If the triangle has vertices `PA`, `PB`, and `PC`, with the lengths of the opposing edges being `a`, `b`, and `c`, respectively, then the center of the in-circle is:

```(a*PA + b*PB + b*PC) / (a + b + c)
```

The closest distance between a point `pt` and an edge from `v` to `w`, where `l` is the length of the edge, is the distance between `pt` and:

```v + ((pt - v)·(w - v)/l²)*(w - v)
```

(Edge case: If `v` is the same as `w` then compute the distance between `pt` and `v` instead.

The original triangulation is shown in red. The in-circles are drawn in black. Their centers are shown in red and the nearest point to the center on each edge is shown in blue.

## Computing sub-triangles

Each corner of the existing triangle will give us a new subtriangle. Compute the tangent line at the point on the in-circle in the direction of the vertex. Then take the intersection points of that line with the edges meeting at that vertex as the other two vertices of the new subtriangle.

The original triangulation is shown in red.

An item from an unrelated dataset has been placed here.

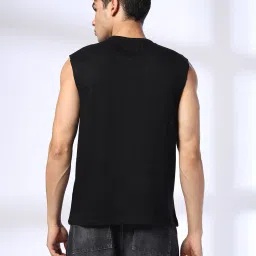 dnmx Men Sleeveless Regular Fit Crew-Neck T-Shirt image 3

The in-circles are drawn in black. The new sub-triangles are shown in blue.

The intersection between two lines `A1x + B1y + C1 = 0` and `A2x + B2y + C2 = 0` can be computed using determinants (`det((x1,y1),(x2,y2)) = x1*y2 - x2*y1`). If `A = (A1, A2)` and similarly for B and C, then the intersection point exists only if `det(A,B)` is non-zero, and is:

```(-det(B,C)/det(A,B), dep(A,C)/det(A,B))
```

In this case, `A`, `B`, and `C` for an edge from `(x1,y1)` to `(x2,y2)` can be calculated so:

```A = y2 - y1
B = x1 - x2
C = Ax1 + By1
```

The tangent line has an angle 90° from the angle between the vertex and the center and goes through a point at the distance of the radius from the center at that angle.

## Iterate

We know the new set of triangles do not intersect with each other or with any existing circles. We can perform the same procedure all over again with that new set, repeating the process however many times we want.

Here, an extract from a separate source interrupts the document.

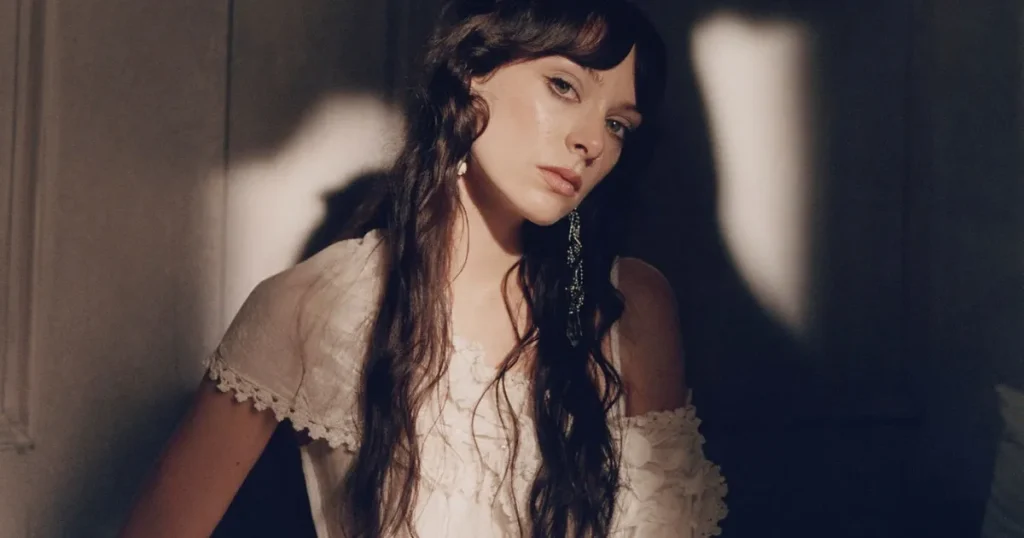 Holly Humberstone: ”Jag har skrivit låtar som jag är besatt av”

It is a good idea to add a minimum limit to the acceptable radius of the in-circles, so we don't get too ridiculous. You can also adjust the "frothiness" by choosing not to subdivide a certain percentage of the triangles.

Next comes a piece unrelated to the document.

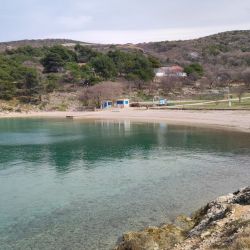 Photo de Konobe beach avec petite baie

The original triangulation is shown in red. The new sub-triangles are shown in blue. All in-circles are drawn in black.

Notice how the new in-circles lie tangent to their parent in-circle. The in-circle for the triangle formed tangent to the parent circle must fit at the place where the subtriangle is largest, and that must be at that tangent point, as the original in-circle is the largest inscribed circle in the original triangle.